REPUBLIKA.CO.ID, JAKARTA -- Kriminolog Haniva Hasna mengungkapkan sejumlah sebab orang tua rela membunuh anaknya. Tapi, kata dia, pada intinya pasti ada masalah berat yang tengah dialami oleh keluarga hingga melakukan aksi bunuh diri bersama.
“Apapun itu, yang jelas ada masalah berat yang sedang dialami oleh keluarga tersebut hingga melakukan aksi bunuh diri bersama,” kata Haniva kepada Republika, Ahad (10/3/2024).
Dia mengatakan, ada beberapa sebab orang tua tega membunuh anaknya. Pertama terkait dengan altruistik, yakni tindakan sukarela yang dilakukan seseorang atau sekelompok orang untuk menolong orang lain tanpa mengharapkan imbalan apa pun.
“Yaitu orang tua yang membunuh anak karena cinta yang sangat besar, orang tua tidak rela anaknya menderita, baik karena kondisi cacat, kemiskinan atau permasalahan hidup,” jelas Haniva.
Sebab lainnya adalah acutely psychotic. Dia menejelaskan, itu adalah kondisi di mana orang tua mengalami gangguan jiwa, dengan gejala berupa delusi, halusinasi, bahkan bisikan dari Tuhan untuk membunuh anaknya.
Dia melihat korban bunuh diri di Apartemen Teluk Intan, Penjaringan, Jakarta Utara, sudah melakukan perencanaan matang dengan tingkat keikhlasan yang tinggi. Hal itu terlihat dari apa yang korban lakukan sebelum melakukan aksi bunuh diri, yakni melakukan salam perpisahan dengan keluarganya.
“Tampaknya sudah dilakukan perencanaan yang matang dengan level keikhlasan yang tinggi hingga sempat melakukan salam perpisahan sebelum melakukan aksi bunuh diri,” ucap Haniva.
Dia mengatakan, tindakan bunuh diri yang para korban lakukan dianggap sebagi bentuk kekompakan dalam menghadapi masalah yang sangat besar sehingga harus dipikul bersama. Mereka sudah mengukur sumber daya atau kekuatan diri hingga risiko dari aksinya.

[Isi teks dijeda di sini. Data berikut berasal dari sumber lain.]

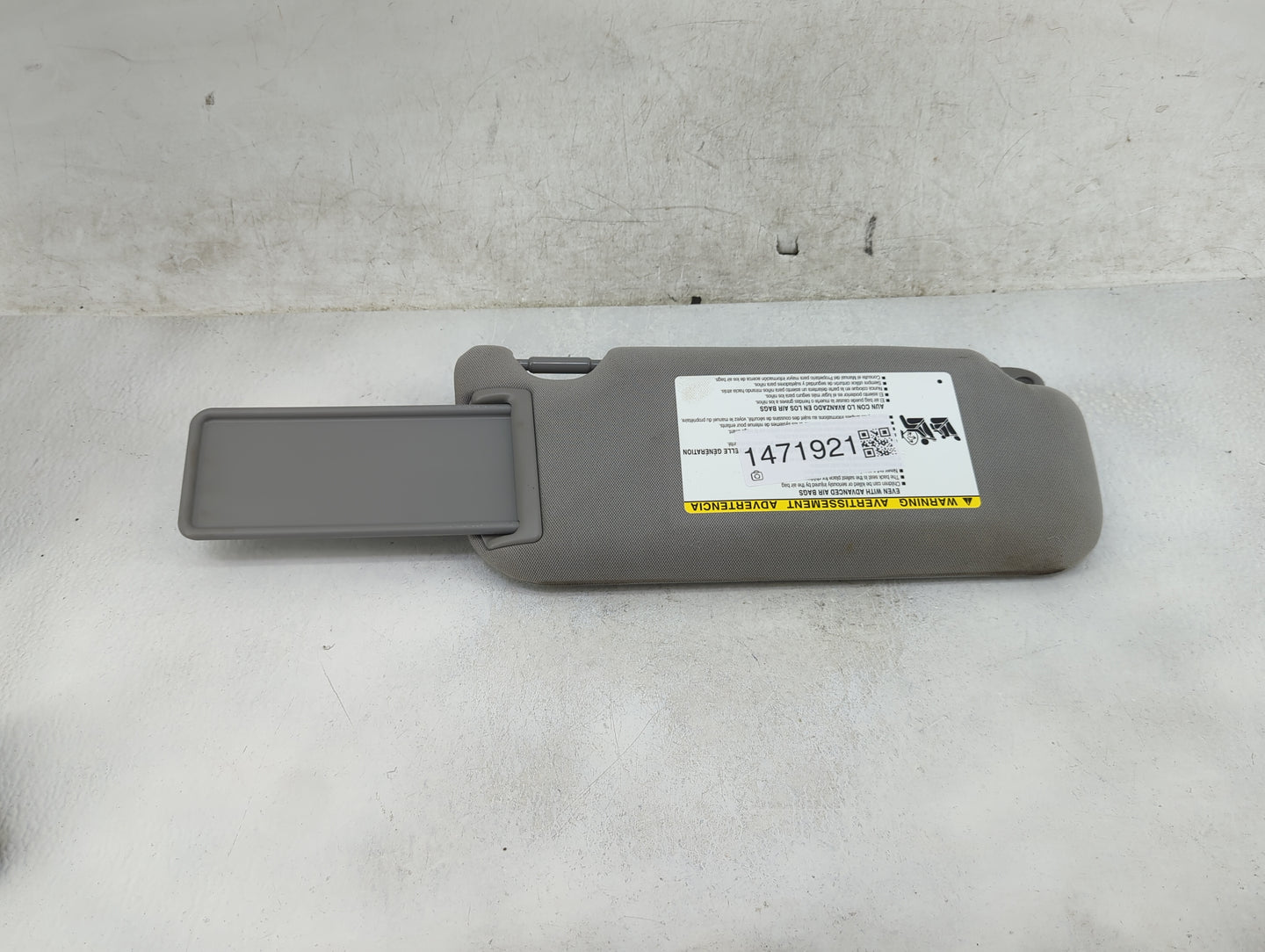 2018-2022 Toyota Camry Sun Visor Shade Replacement Driver Left Mirror Fits Fits 2018 2019 2020 2021 2022 OEM Used Auto Parts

“Tujuan melompat adalah mengakhiri hidup yang mungkin sebagai pilihan akhir dari berbagai pilihan lain seperti minum racun, tidak makan selama sekian hari, menabrakkan diri menggunakan kendaraan, berdiam diri dalam ruangan berasap karena kebakaran, dan lain-lain,” jelas dia.